今回の最大の見どころは、こよがあかりのことをどう思っているのか、それが明らかになったところでしょう。いわく、銭ゲバアタッカー! いい響きですね! いやもう、私なんかはコミュニケーション不能のモンスターみたいにあかりのこと思っちゃってますから、それに比べれば銭ゲバアタッカーの方がいくらもマシですよ、あかりさん。
『てくてくっ!秘密リサーチ』
今回の目的地は横須賀にある無人島、猿島。動画撮影、取材目的で猿島にいこうと思ったところに、すかいからの連絡。誘ってみたらなんとマリンまでついてきた。のっけからペース崩されているひぐれですが、今回は抑えめ控えめなひぐれと、オープン元気声が大きいその上悪ノリのマリンとの相性の悪さが語られたかと思ったら、最後の最後にはちゃんと仲よくなったところ、大変よかったですよ。

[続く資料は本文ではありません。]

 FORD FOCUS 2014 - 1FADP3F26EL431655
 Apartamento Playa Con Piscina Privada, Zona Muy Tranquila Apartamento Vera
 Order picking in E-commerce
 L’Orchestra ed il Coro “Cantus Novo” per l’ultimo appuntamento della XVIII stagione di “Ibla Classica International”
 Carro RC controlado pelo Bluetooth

さて、猿島のトピックですよ。日本最初の台場が築かれた島。首都東京を敵から守るために砲台が作られたこの島に残る遺構の数々が、どのように作られそして変化してきたかを物語るという描写は見ていてとても面白く、興味深かったです。
伝声管が残っていたり、レンガの積み方が珍しいフランス積みということは建造当時フランスの影響があったのかな? そうした来歴などにも気持ちが向かう。そして弾薬庫に火がまわらないようにする工夫などなど、見どころをコンパクトに伝えてくれるのはとても楽しい。そしてひぐれの気づいた島の変化。時代につれ要求される機能も変わってきた。海からの脅威はいずれ空からの脅威に変わり、対応すべく変化を余儀なくされた。

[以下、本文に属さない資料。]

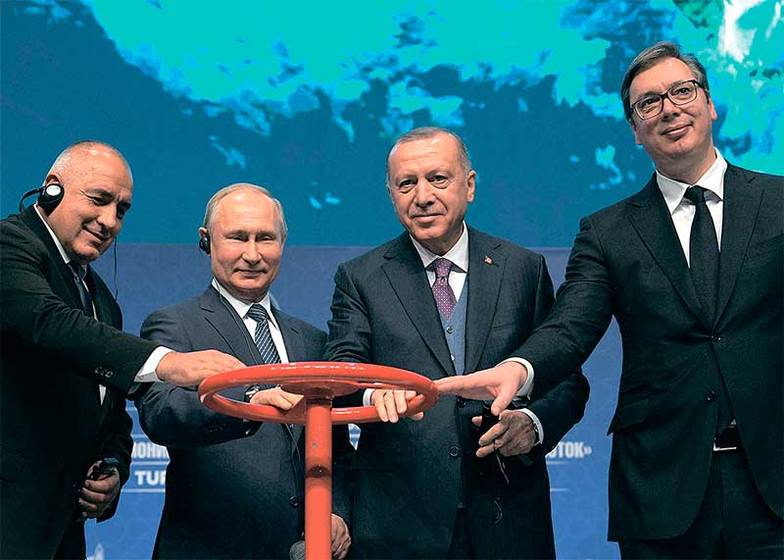 АЛЕКСЕЙ ДРУЖИНИН/ТАСС Президент Сербии Александр Вучич, президент Турции Реджеп Тайип Эрдоган, президент России Владимир Путин и премьер-министр Болгарии Бойко Борисов (справа налево) во время церемонии официального открытия газопровода «Турецкий поток»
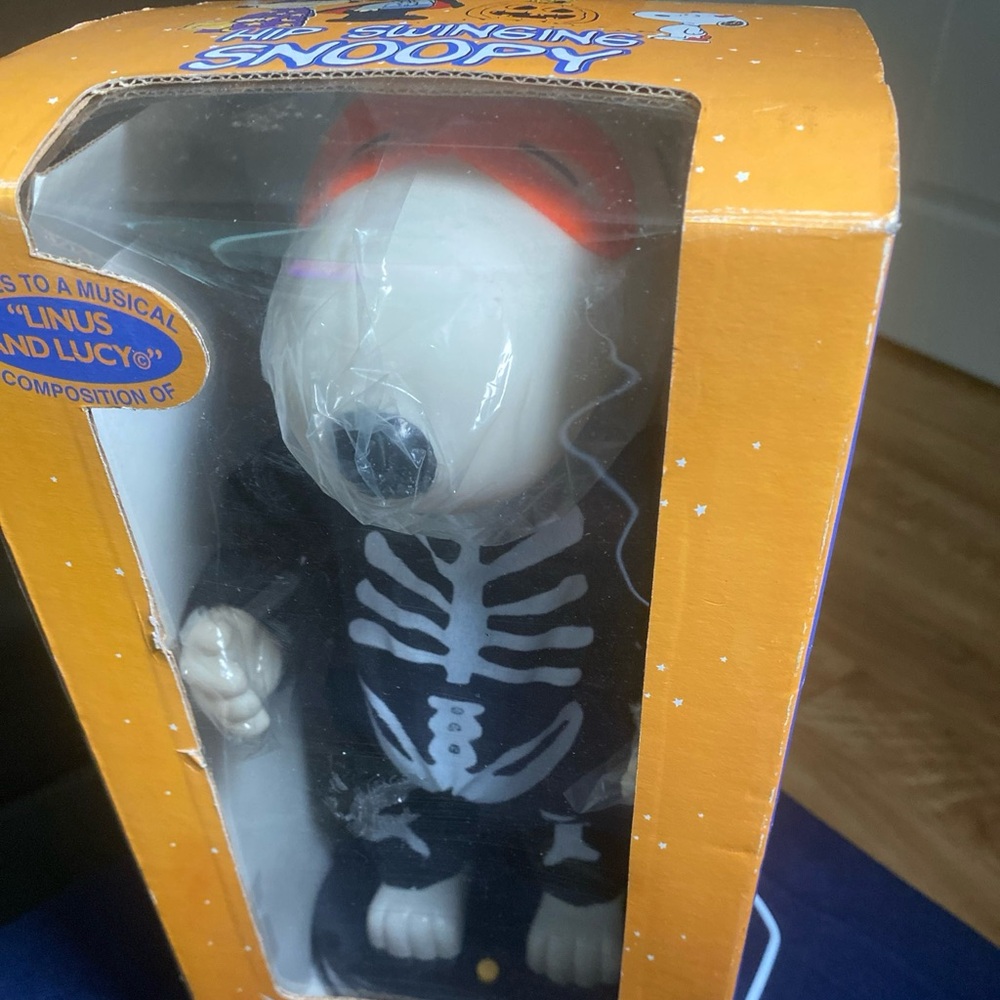 Halloween Hip Swinging Snoopy- STILL IN BOX!!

この、状況を受けて変わっていった島の様子についての描写が、ひいてはすかいとマリン、ふたりと一緒に過ごした時間が変えていったひぐれの気持ちに通ずるようにも感じられて、今回のテーマは状況に応じて変わる、ということだったのかも知れませんね。
『性別不明な殺し屋さんがカワイすぎる。』
大掃除に精を出すユーリ。なんでまたと思ったら、そうですか、今日は大晦日。見た目からして外国育ちと思ってたんですが、年末には大掃除をしないと落ち着かないというところなど見るに、普通に日本育ちなのかもですね。
さて、つくしが実家から昔着ていた服を送ってもらっていました。その中には着物もあって、それ着て一緒に初詣にいきましょう。ちょっと嫌そうだったユーリが、食べ物売る出店が出てると聞いてころっと態度変えるのが素晴しい。ええ、相手がつくしだからか、このへん、すごくダイレクトに感情表してくれますよね。

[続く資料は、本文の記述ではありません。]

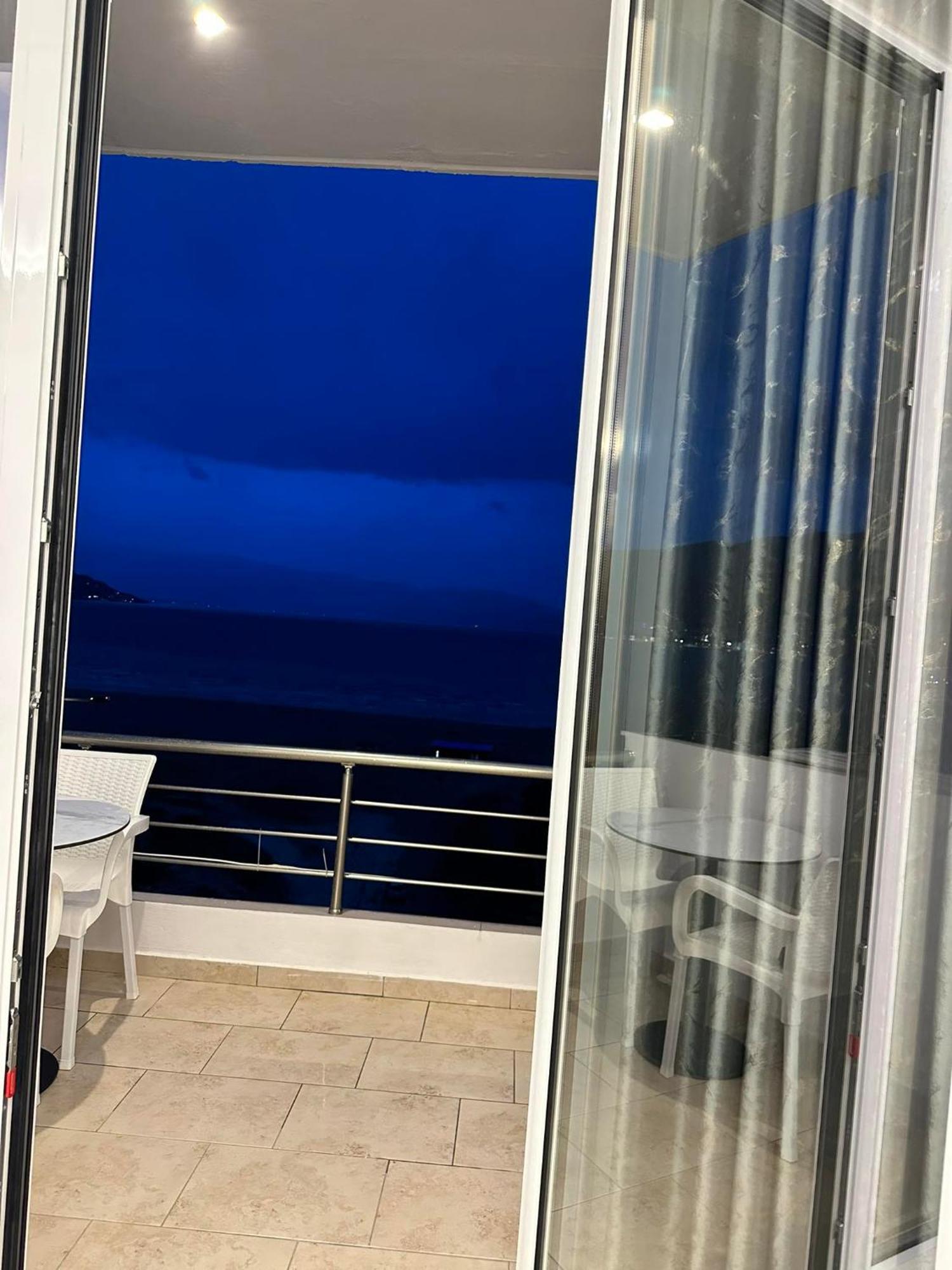 Sea View Apartment Luxury Влёра Экстерьер фото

しかし着物姿のユーリ、めちゃくちゃカワイいですね。変装の訓練のおかげで着付けもお手のもの、とはいうけど着物でお出かけとかははじめてだったりするっぽいですね。
破魔矢や射的を見て武器を帯びている! 全員殺し屋だ! と短絡するところなど、実にユーリらしい。と思ったら、トルネードポテトや綿あめに心持っていかれるところなど、実にユーリらしい!
ほんと今回はユーリの素直に気持ちがあらわになるところ、その愛らしさがこれでもかと描かれて素晴しかった。と思ったら、最後にはその気持ちを言葉でも示してくれて、ああ本当によかった。こうしてつくしとの生活を楽しんで、もっと打ち解けていったらいいなと思える年越し風景でした。